Originally published on LinkedIn.
“Most of the time, we work in the system, not on it. […] If there’s a hole in the boat, it’s easy to spend all day bailing water with a bucket. Or we can take a moment to pull the boat onto the dock and fix the leak. When we work in the system, all we can do is bail. When we work on the system, we have a chance to make things better.”
“161. To Get to New York,” This Is Strategy, by Seth Godin.
I was not let go from my job at Conestoga due to issues of performance or competence. But even though the organizational restructure was not my fault, I am reflecting on the lessons learned from issues that I was responsible for.
Accreditation is hard work. I saw 5 successful program accreditations in four years. By that metric alone, I delivered value.
Seth’s words spoke to the side of me that struggled. In retrospect, I wasn’t quite ready for the role when I started. I did not have a lot of experience in project management, and that showed in the ways I became the bottleneck to the work of the Chairs, Faculty, and the Degree Consultants (who bailed me out many times). In the end, we delivered (sometimes a little after the deadline), but in my inexperience I failed to see that in project management, problems trickle in slowly then happen all at once.
When I let things pile up, or when my attention was flitting across many projects, tasks, and areas of concern, I was just doing my best to keep my head above water and keep the system going.
I now know what it means to periodically pause to step back and look at things from a higher perspective, or as Seth says put the boat into dock and fix the leaks.

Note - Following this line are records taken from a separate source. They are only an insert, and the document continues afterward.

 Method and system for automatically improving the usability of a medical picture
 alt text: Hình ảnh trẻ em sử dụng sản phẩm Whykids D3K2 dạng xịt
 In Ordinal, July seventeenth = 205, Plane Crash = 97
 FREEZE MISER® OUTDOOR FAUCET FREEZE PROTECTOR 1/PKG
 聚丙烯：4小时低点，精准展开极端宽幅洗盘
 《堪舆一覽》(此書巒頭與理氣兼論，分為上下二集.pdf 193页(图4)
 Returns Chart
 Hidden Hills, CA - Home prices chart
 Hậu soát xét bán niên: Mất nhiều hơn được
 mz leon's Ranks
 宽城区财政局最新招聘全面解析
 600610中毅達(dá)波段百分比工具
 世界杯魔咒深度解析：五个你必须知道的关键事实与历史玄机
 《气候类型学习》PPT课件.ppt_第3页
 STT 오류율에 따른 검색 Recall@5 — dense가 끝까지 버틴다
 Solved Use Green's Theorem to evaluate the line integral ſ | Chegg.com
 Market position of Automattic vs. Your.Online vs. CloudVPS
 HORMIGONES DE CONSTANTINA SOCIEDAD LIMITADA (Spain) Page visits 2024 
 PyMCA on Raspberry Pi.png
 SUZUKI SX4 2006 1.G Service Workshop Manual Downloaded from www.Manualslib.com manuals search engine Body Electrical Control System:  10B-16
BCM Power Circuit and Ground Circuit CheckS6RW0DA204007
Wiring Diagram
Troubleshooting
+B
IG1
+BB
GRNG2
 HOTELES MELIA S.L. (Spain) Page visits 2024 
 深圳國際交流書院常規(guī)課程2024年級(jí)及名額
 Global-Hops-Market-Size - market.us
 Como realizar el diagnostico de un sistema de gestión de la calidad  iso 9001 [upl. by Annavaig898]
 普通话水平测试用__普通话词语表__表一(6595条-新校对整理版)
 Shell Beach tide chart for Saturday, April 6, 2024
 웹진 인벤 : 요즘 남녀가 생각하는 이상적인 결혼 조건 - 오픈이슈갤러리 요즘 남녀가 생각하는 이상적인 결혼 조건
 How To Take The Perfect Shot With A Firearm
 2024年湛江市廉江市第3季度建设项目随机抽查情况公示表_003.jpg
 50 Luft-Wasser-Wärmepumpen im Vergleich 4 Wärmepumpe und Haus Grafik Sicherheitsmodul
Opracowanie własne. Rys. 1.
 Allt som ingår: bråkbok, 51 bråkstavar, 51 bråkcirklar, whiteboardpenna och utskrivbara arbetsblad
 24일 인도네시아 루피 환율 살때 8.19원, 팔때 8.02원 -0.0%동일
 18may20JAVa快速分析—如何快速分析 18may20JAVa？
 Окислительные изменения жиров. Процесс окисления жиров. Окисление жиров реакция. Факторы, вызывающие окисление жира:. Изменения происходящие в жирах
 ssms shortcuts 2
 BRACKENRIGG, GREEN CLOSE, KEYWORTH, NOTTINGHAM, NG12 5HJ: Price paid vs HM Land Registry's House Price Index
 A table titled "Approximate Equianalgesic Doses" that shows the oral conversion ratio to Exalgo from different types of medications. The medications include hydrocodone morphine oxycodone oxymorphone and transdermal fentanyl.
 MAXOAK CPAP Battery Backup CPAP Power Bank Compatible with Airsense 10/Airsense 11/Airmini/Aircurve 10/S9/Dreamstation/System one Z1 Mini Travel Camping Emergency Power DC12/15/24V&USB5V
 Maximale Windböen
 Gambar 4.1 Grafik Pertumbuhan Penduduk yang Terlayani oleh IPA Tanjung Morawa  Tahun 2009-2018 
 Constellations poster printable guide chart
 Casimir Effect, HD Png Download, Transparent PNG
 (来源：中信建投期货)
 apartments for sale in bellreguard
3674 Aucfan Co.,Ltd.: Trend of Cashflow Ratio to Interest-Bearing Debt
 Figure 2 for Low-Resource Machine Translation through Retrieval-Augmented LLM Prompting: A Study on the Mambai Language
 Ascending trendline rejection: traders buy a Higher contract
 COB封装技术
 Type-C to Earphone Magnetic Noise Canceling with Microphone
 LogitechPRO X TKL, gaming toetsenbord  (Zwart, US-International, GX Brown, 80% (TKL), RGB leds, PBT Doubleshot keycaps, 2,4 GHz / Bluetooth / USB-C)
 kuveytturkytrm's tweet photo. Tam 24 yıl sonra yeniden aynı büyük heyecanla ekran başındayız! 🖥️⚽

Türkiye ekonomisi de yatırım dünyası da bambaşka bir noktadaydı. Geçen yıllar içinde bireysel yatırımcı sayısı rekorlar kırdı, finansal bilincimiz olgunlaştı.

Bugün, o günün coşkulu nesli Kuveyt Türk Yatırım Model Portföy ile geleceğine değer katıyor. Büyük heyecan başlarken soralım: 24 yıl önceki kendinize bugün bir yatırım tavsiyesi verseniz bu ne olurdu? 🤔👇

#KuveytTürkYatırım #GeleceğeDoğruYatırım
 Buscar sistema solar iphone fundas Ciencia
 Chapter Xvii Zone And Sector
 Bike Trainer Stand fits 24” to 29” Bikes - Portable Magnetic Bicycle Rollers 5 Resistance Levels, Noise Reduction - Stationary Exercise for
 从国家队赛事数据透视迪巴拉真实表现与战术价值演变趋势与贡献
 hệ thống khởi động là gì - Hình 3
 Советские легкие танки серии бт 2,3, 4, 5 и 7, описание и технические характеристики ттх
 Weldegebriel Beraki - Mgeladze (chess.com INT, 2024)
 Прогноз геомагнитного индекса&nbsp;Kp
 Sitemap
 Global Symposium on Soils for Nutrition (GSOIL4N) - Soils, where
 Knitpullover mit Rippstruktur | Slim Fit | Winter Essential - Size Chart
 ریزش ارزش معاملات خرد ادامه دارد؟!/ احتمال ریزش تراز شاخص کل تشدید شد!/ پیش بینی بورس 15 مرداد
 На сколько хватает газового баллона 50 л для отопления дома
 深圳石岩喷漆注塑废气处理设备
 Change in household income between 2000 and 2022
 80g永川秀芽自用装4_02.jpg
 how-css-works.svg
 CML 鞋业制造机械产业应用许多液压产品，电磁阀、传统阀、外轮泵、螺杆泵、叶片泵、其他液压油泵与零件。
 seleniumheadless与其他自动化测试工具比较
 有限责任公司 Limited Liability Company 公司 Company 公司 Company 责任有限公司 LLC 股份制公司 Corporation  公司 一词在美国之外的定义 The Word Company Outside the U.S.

The leaks? Those were the things that made the system less efficient, lowered quality, and required a lot of manual inspection and rework. I’d plug a hole by locking down cells in Excel instead of helping faculty see the meaning of what was in it. I’d discuss the value of creating a culture of quality, but I’m sure most faculty still saw it as yet more work on the overhead of teaching. And perhaps the greatest sin is to generate a list of actionable tasks that only dealt with operations instead of seeking to move the needle on important metrics like measuring against graduate attribute attainment or improving retention.
All of these things would have been fixed in time, I’m sure. For now, I’ll just ensure I carry that lesson forward.